Hi Jeff, a few have failed with: unable to remove target: Directory not empty
Can you check the archive location for those that failed? They may already have a matching directory. From archive, it can be deleted, then archived again (and permanently deleted if need be)
Unfortunately, this doesn't work properly. From the archives page, I can't delete the directories. I can click on them and from there I can delete contents. I went into update-7.5.0 and deleted all contents. That worked. I then went and archived update-7.5.0 from downloads and though it didn't fail, it placed the update-7.5.0 directory inside the archive update-7.5.0 directory I couldn't remove. So any old references shouldn't resolve as they won't have update-7.5.0/update-7.5.0 in the url.
@npeifer1fn We seem to be missing a 'genie.subversive' user account. @mward@jmazanek4ep can genie.subversive be created, and made owner of download.e.o/technology/subversive and archive.e.o/technology/subversive?
Same issue as jeff here : move to archive is grayed out and cannot be used. the download.eclipse.org page doesn't show me as logged in. This is true on both firefox and chrome.

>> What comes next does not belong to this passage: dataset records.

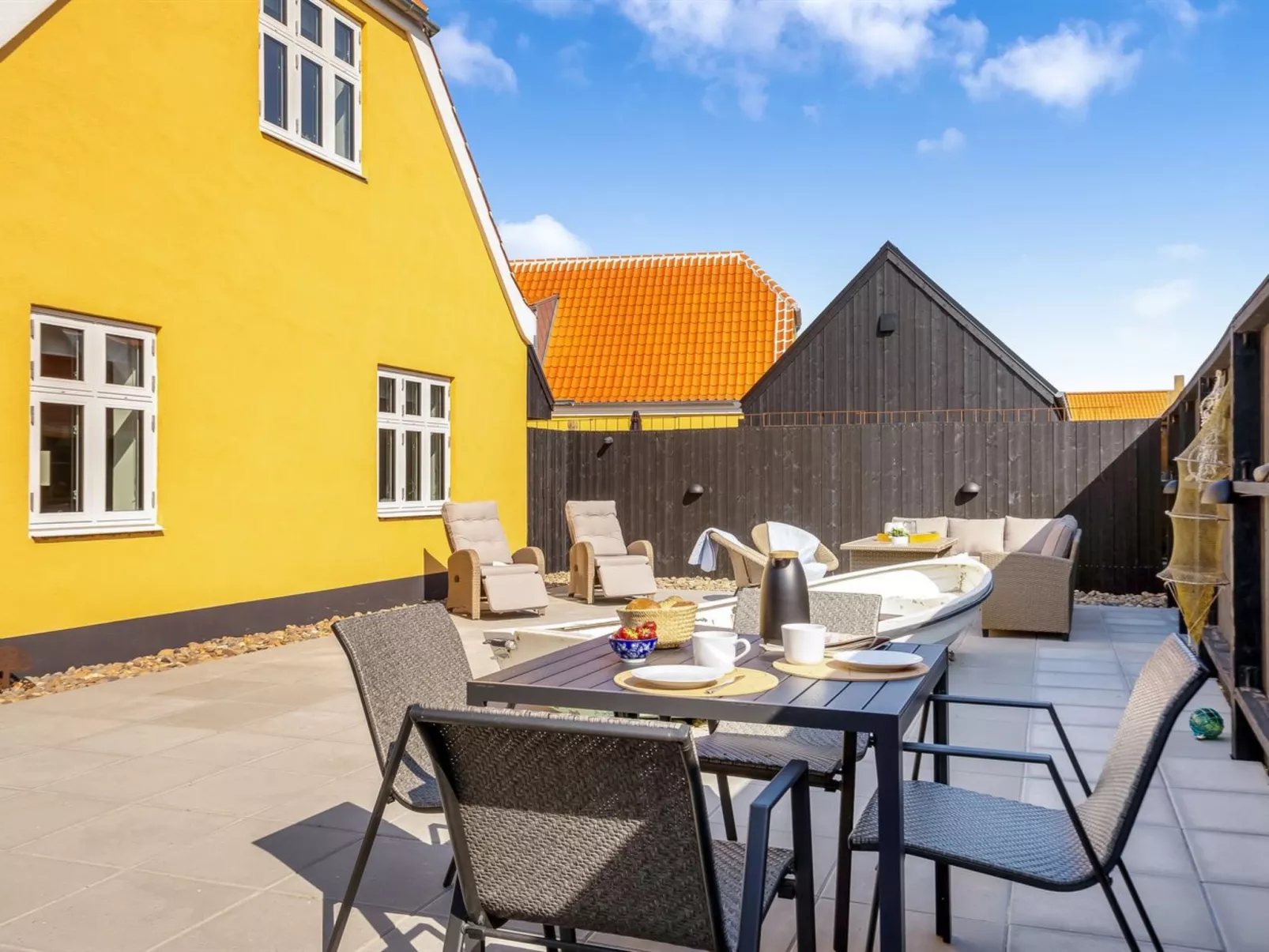 "Josina" - 1.8km from the sea-Outside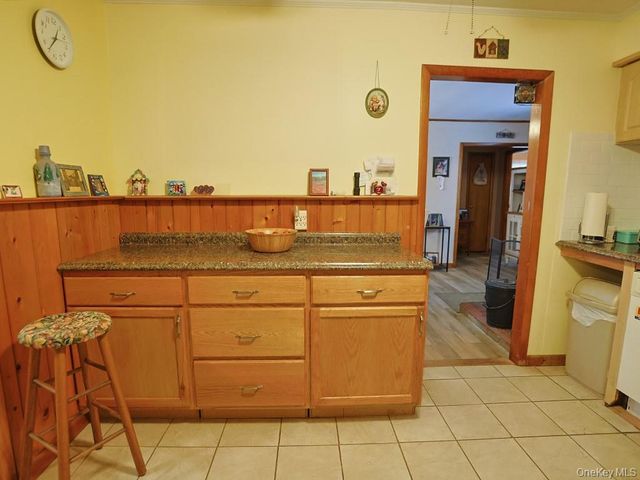 27 Elm Road N, Wurtsboro, NY 12790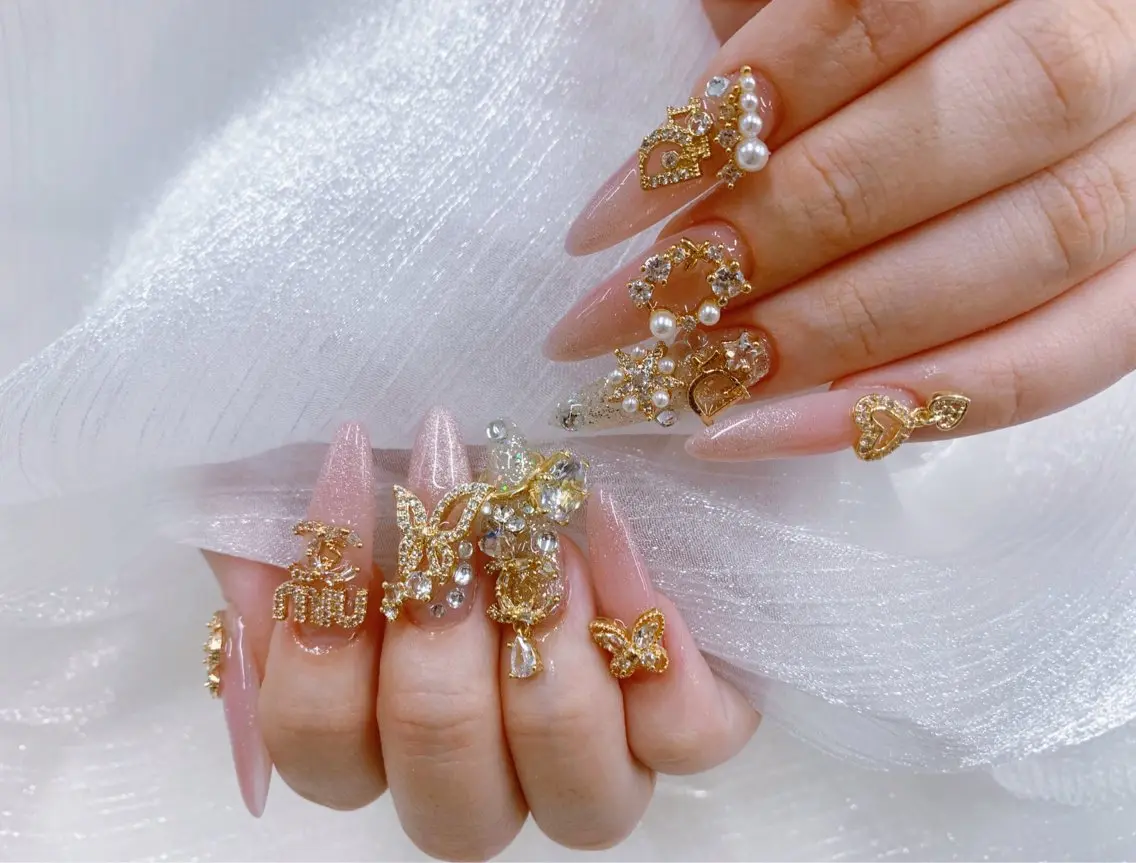 ネイル 長さ出し スカルプネイル ハンドネイル ✨Nailsalon Vi+✨のネイルデザイン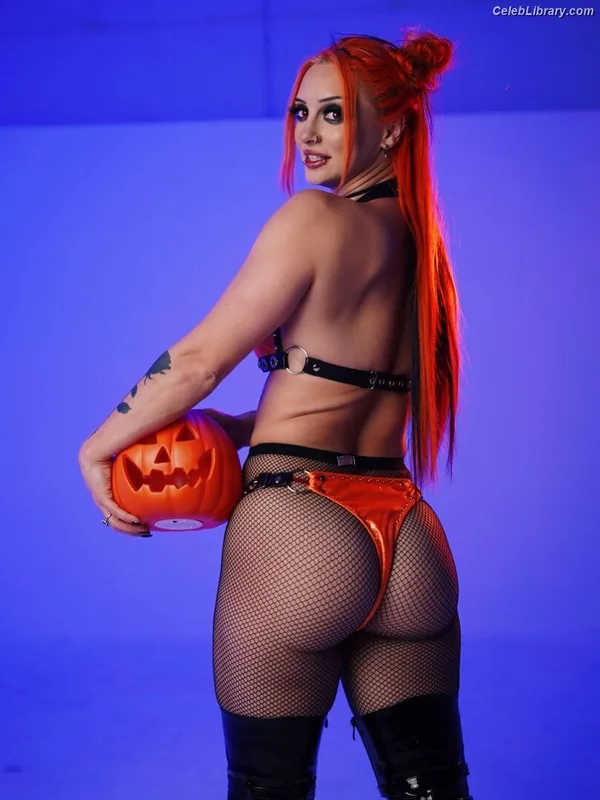 Gigi Dolin photo 12 of 1701
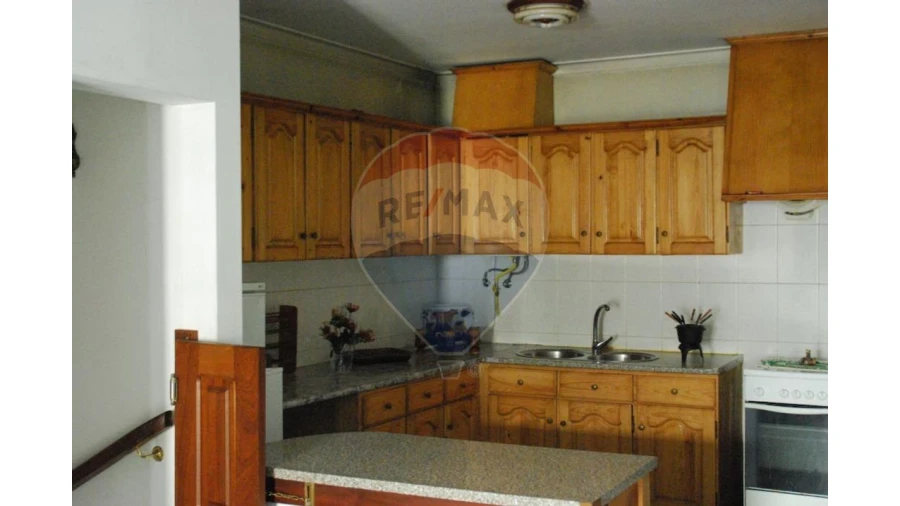 Moradia T2 para Venda em Santa Comba Dão e Couto do Mosteiro Foto 9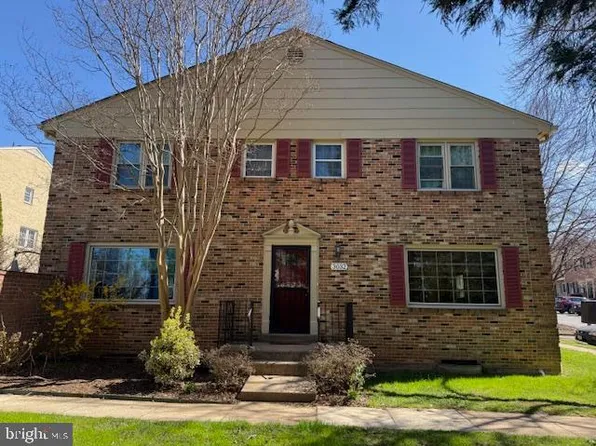 3032 Seven Oaks Pl, Falls Church, VA 22042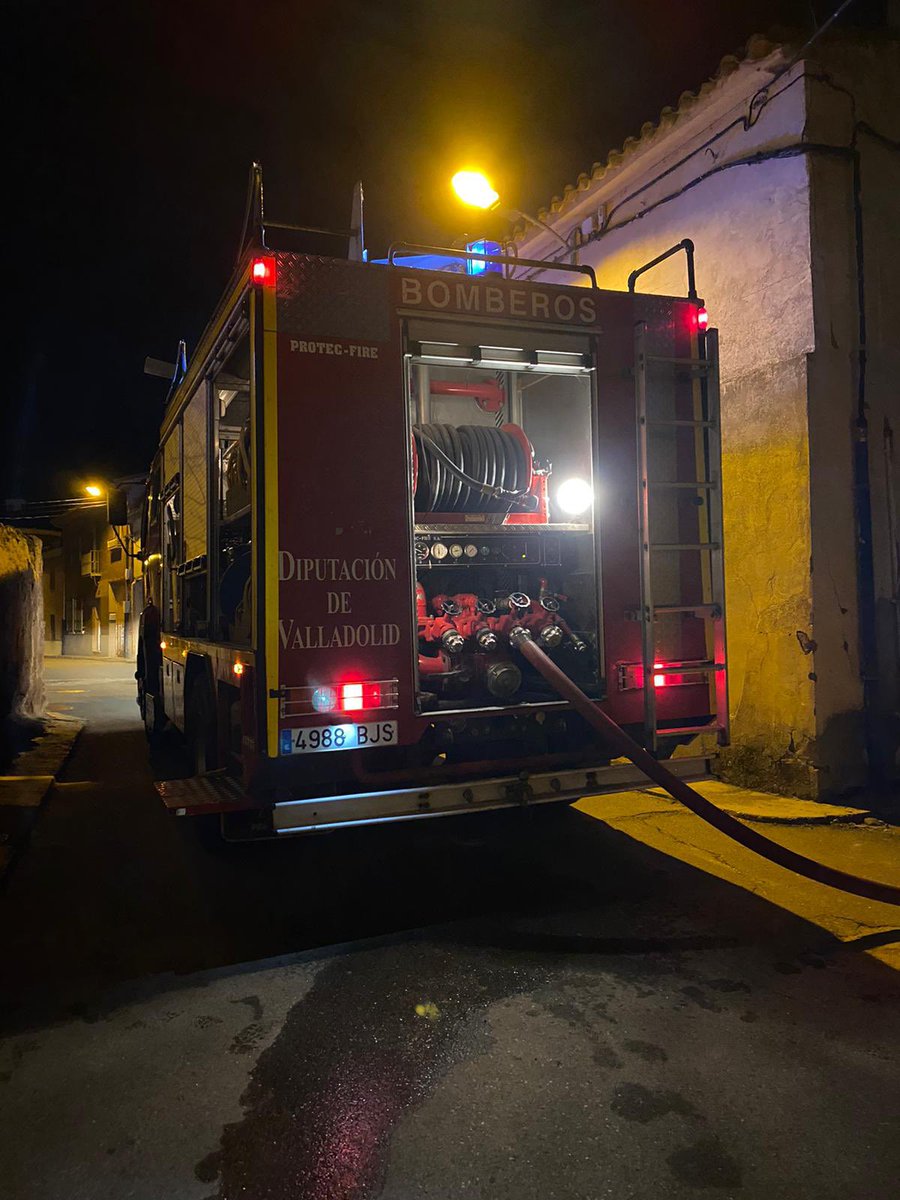 BomberosDip_VLL's tweet photo. 🚒🔥Intervenimos a causa de un incendio de vivienda en el municipio de Becilla de Valderaduey https://t.co/TJraqDObEb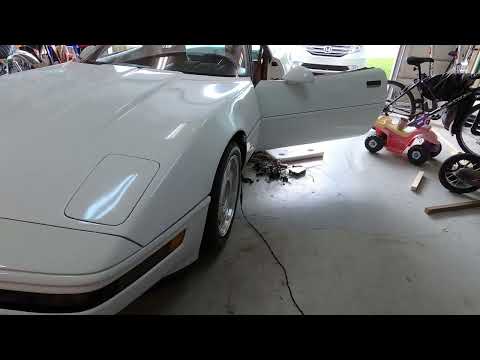 Everything wrong with my 1991 Corvette ZR-1 (part 1)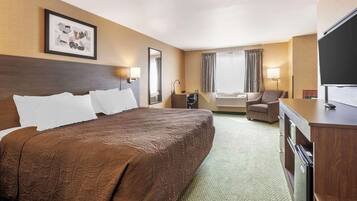 Standard Room, 1 King Bed, Non Smoking, Jetted Tub | 1 bedroom, iron/ironing board, free cots/infant beds, free WiFi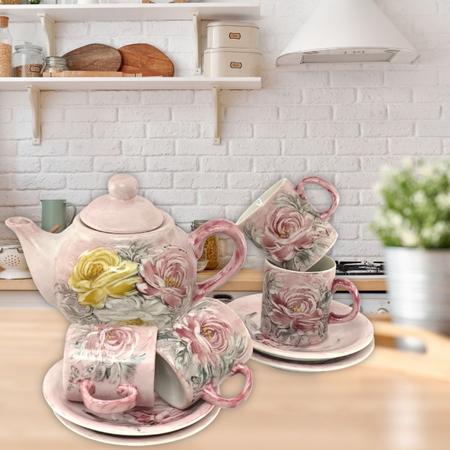 Lindo jogo de chá em porcelana com tema floral na tonalidade rosa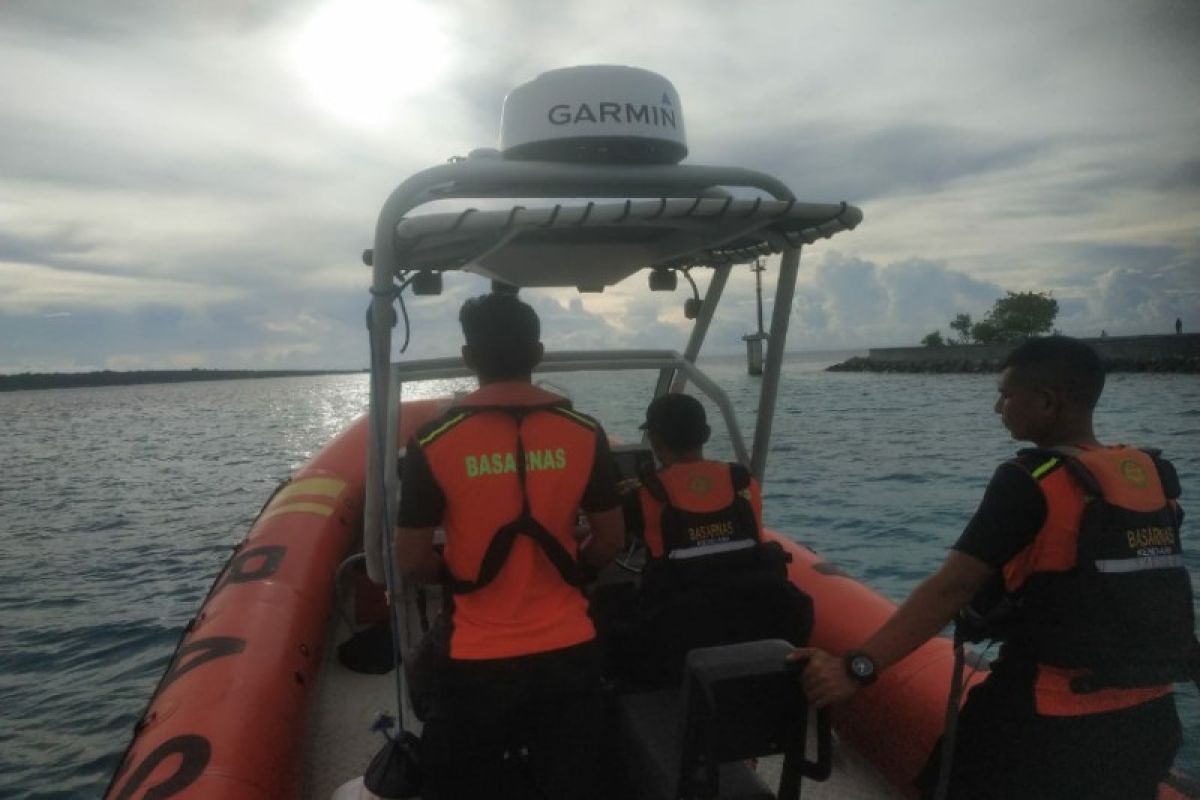 Basarnas mencari enam penumpang kapal mati mesin di perairan Wakatobi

That is an interesting use case. We could implement a transparent 30x redirect if the file is nonexistent and it does exist in the same structure on archives
@droy The redirects are not working properly from download -> archive because the 301 is returning an http:// even though the initiator is https://
So I get errors like this in the browser console and no download if I click on a link on www.eclipse.org.
Mixed Content: The site at 'https://www.eclipse.org/' was loaded over a secure connection, but the file at 'https://archive.eclipse.org/technology/epp/downloads/release/2021-03/R/eclipse-java-2021-03-R-linux-gtk-x86_64.tar.gz' was redirected through an insecure connection. This file should be served over HTTPS. This download has been blocked. See https://blog.chromium.org/2020/02/protecting-users-from-insecure.html for more details.
@droy Is there a transparent redirect to the archive if a file is requested via https://www.eclipse.org/downloads/download.php?file=/path/to/binary.zip ?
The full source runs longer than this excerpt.